You can have some conversations with your GGD about boundaries, reinforcing where to place limits, and identifying the kindliest way to enforce those limits if needed. But the Camp and or, the other youngster's parent need to address the level of inappropriate interaction with her/him, and it should focus more on 'what level of friendship and companionship is welcome and enjoyable to the other person' and less on 'what you're doing is wrong/inappropriate,' which will only add to her/his woes.

It's a tough, tough situation. Sounds like your GGD is handling it like a trouper, getting help, and you and her Mom are on top of reaching out to ensure that the help happens, all while being sensitive to the misery the other youngster is experiencing.

So, bravo, you. A very good start.

I hope this feedback is helpful.

encouragingly,
Bright

MosheFeingold

(3,051 posts)
2. Thank you for your well-reasoned post
Mon Jun 27, 2016, 03:20 PM
Jun 2016

It was very "bright."

I've had a phone call with the ED of the camp.

To answer your question, no the camp doesn't have specialized mental care, although there are two counselors per cabin and lots and lots of support people, all of whom I have found to be wonderful people. Medically, it has a nurse on sight, but she's a mom (and former camper) who deals with stuff like making sure kids take their meds, female problems (goes up through senior year), skinned knees, and the occasional bee sting. Camp injuries and normal kid stuff, in other words.

I do think my GGD will be fine. The girl in question will not be permitted back, not because she is gay, but for the way she is dealing with being gay (or whatever is going on). The camp just is not prepared to handle her issues and campers are not allowed to make other campers miserable. So our personal issues are resolved.
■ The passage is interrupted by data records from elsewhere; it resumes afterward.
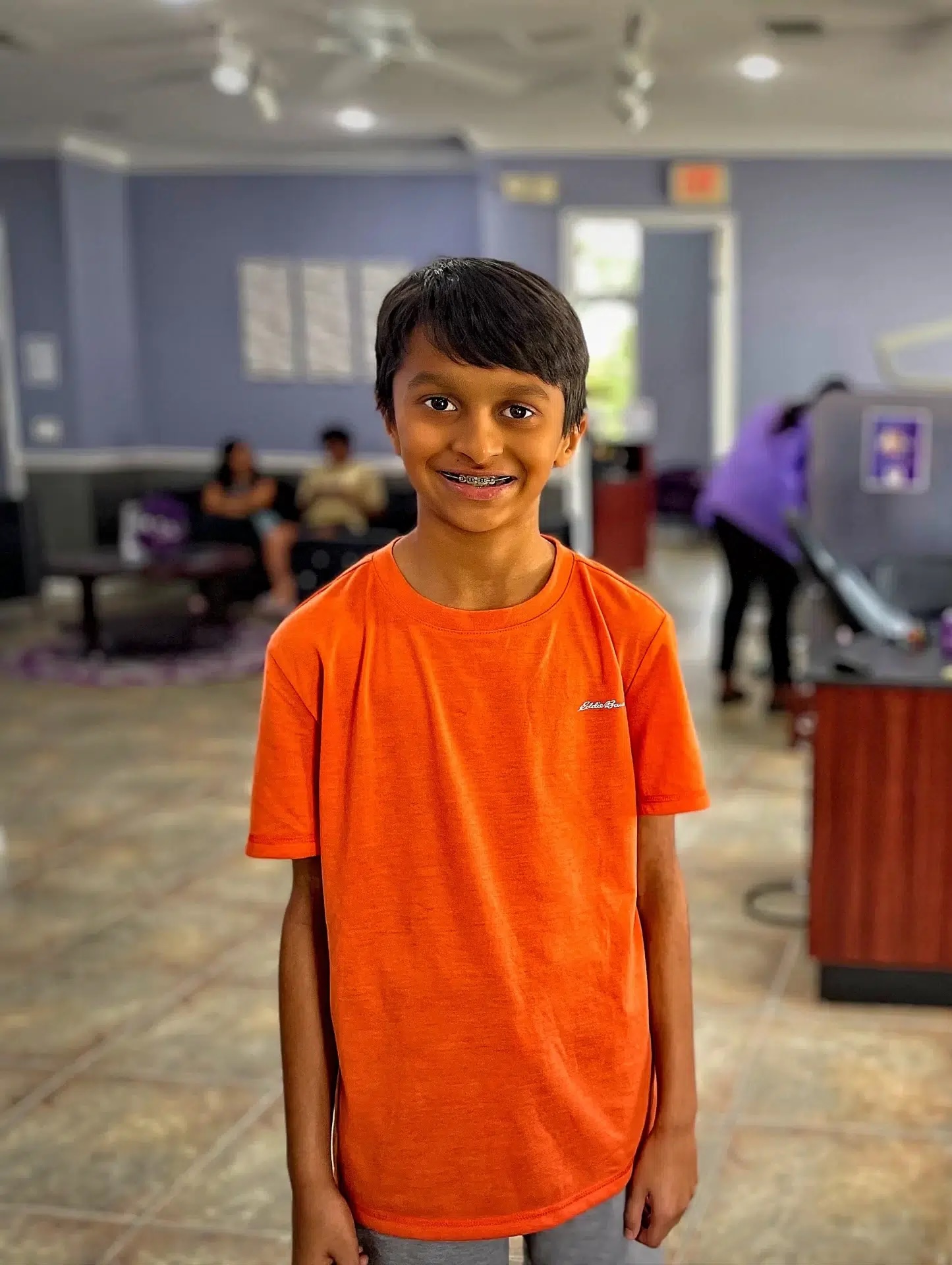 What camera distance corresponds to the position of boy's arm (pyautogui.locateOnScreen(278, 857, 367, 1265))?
3.76 feet

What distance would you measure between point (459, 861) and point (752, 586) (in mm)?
5032

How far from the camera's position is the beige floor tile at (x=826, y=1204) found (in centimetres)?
227

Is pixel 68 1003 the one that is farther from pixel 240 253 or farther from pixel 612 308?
pixel 612 308

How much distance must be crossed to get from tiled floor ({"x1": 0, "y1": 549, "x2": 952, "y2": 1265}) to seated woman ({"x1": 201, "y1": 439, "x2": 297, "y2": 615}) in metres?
3.86

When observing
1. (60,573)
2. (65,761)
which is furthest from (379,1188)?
(60,573)

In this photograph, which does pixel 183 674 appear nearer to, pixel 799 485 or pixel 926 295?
pixel 799 485

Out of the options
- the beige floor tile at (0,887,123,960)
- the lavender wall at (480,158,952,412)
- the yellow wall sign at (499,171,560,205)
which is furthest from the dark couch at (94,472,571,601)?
the beige floor tile at (0,887,123,960)

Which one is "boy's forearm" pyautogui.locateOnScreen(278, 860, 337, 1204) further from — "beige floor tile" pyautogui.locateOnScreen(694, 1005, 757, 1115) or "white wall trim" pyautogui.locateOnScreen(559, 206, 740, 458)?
Answer: "white wall trim" pyautogui.locateOnScreen(559, 206, 740, 458)

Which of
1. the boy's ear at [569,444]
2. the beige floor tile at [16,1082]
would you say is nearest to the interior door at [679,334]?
the beige floor tile at [16,1082]

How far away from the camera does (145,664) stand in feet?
23.6

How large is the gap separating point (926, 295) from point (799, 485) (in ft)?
14.5

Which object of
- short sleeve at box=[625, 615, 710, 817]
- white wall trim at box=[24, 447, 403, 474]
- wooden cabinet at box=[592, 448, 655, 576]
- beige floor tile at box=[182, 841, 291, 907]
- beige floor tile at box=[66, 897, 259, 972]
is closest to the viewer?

On the more global issue, what to do in the future with same-sex-attraction in the camp, I have learned the camp has a "no fraternization" rule that applies to all persons, regardless of sex or sexual attraction. The limit are the little weekly dances and they are all very G rated and under strict supervision. This is more due to the older kids doing what comes normally to older kids.

As to same-sex attraction, I have learned that older kids ("Midis" and "Senior Campers&quot already have a policy in place. They are asked, prior to coming, if they have a same sex-attraction. If they answer "yes," given the close quarters in the camp and communal showers, etc, they are told to not reveal their sexual orientation, as it could make other campers uncomfortable, akin to a boy in the shower.

Basically, "don't ask don't tell."

They also have a practice of segregating the people from more Conservative/Observant congregations from those who are more Reform/Reconstruction and putting kids who have same-sex attraction in with the Reform/Reconstruction kids.

They've decided to expands the don't-ask-don't-tell approach down to younger kids, probably 4th grade.

I'm uncertain if this is the correct approach, although I don't have a better solution.

 

cwydro

(51,308 posts)
3. 11 is way too young for chasing other young girls.
Thu Jun 30, 2016, 05:15 PM
Jun 2016

Yes, I'm a gay woman, and I knew that I was "different" by about 7.

But this child's behavior is not normal or age appropriate.

MosheFeingold

(3,051 posts)
4. Thank you for your reply
Tue Jul 19, 2016, 10:13 AM
Jul 2016

I fully concur, and our personal situation has been dealt with.

The more global concern now is how to deal with same-sex attraction in the camp, away-from-parents, setting.

They segregate boys and girls for obvious reasons, but it is not clear, at all, what to do in the same-sex situation.

If you have any good ideas, please advise.